The last commercial whaling factory closed in 1984 and, thankfully, whale-watching boats have replaced fishermen’s barges.
Today, the whale is celebrated rather than hunted in this, the western-most part of Europe. In August, for example, Semana dos Baleeiros – a traditional Azorean festival on Pico – will once more highlight the archipelago’s whale heritage.
It’s one of the world’s best regions for whale spotting.
I set off in a small RIB from Ponta Delgada (São Miguel). Choppy waters, a small breakfast and a long trek have left my stomach doing back flips as we lurch up and down, and side to side. That said, it’s worth every second of unease as the sights are glorious.
Blue whales soak up the sun, saluting the skies with enormous flippers, showing off like red carpet celebrities for the cameras. I’m keen to capture every water spout and fin in all their glory.
We go out again, this time from Pico, for a gloriously different experience. As we boom and crash from wave to wave, I soon start enjoying myself. John Williams’ Jaws score is playing in my head as we speed from one sighting to the next.
Assorted whales spray jets like watery exclamation marks on the horizon, moist markers for our cameras.
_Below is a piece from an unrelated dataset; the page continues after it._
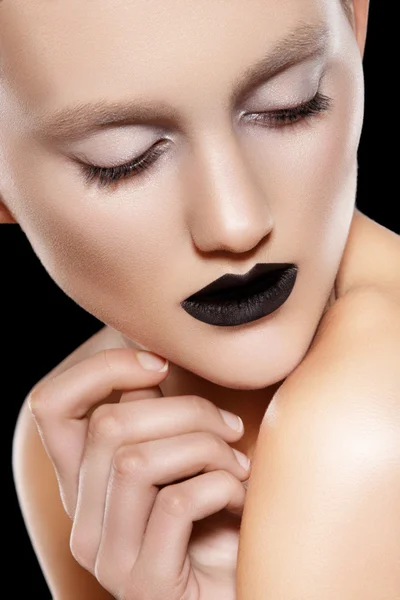 Красивая модель с черными губами макияж, идеальная кожа — стоковое фото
A fellow traveller had been in the Azores for four days and this was already her fifth whale-sighting trip.
could see why – it’s addictive getting that elusive, perfect shot.
Of course, it’s not just whale watching and swimming with dolphins that have helped turn the Azores into a must-see destination for travellers.
This scattering of islands boast the sort of stunning landscapes that would be at home in a James Bond film, whether because of vast basins of foliage, or the Mount Pico volcano, Portugal’s tallest mountain.
Given those epic, jaw-dropping vistas, it’s a wonder film crews aren’t working around the clock, filming thrillers or sci-fi epics.
There’s something otherworldly about parts of the Azores; they’re alien without being alienating, such as the volcanic vineyards: miles of cobbled
Ienclosures, nurturing vines that draw minerals from the igneous rock spewed out centuries earlier.
Some of the resulting wine, such as Frei Gigante, is among the best I’ve sampled, especially with fish.
Azorean cheeses, such as São Jorge and Isla, are also fabulous, and I enjoy two of the best steaks of my life. One I cook on a hot stone at the wondrous São Pedro Restaurant, in Ponta Delgada, and the other at the beautifully designed Terra Nostra Garden Hotel, in Furnas.
The latter is another of those destinations that, once seen, is never forgotten. A 45-minute drive from Ponta Delgada, it features smoking geysers and ‘fumaroles’ – volcanic fissures in the earth. Little wonder all that free energy is exploited by local hotels.
It’s a great gimmick bathing in a naturally heated, mineral-rich pool, such as the one at the TNG Hotel (a personal favourite), or having your dinner cooked in a natural underground barbecue.
It creates happy memories, especially if you watch from the start of the process, until a few hours later when the cooked food is unearthed and brought to your plate.
And there’s no shortage of activities to enjoy on São Miguel alone, whether cycling round the lake at Furnas (a mostly flat seven-mile jaunt); emulating those I’m A Celebrity… moments under the thermal waterfall at the sublime Caldeira Velha (for a mere two euros); or canoeing at Sete Cidades, a watery expanse so glorious, it makes parts of the Lake District look mundane by comparison.
As well as absorbing many of the overland wonders, it’s also an exhilarating experience going underground to explore the lava tunnels at Gruta das Torres on Pico, a network of caves created when the molten landscape was cooling.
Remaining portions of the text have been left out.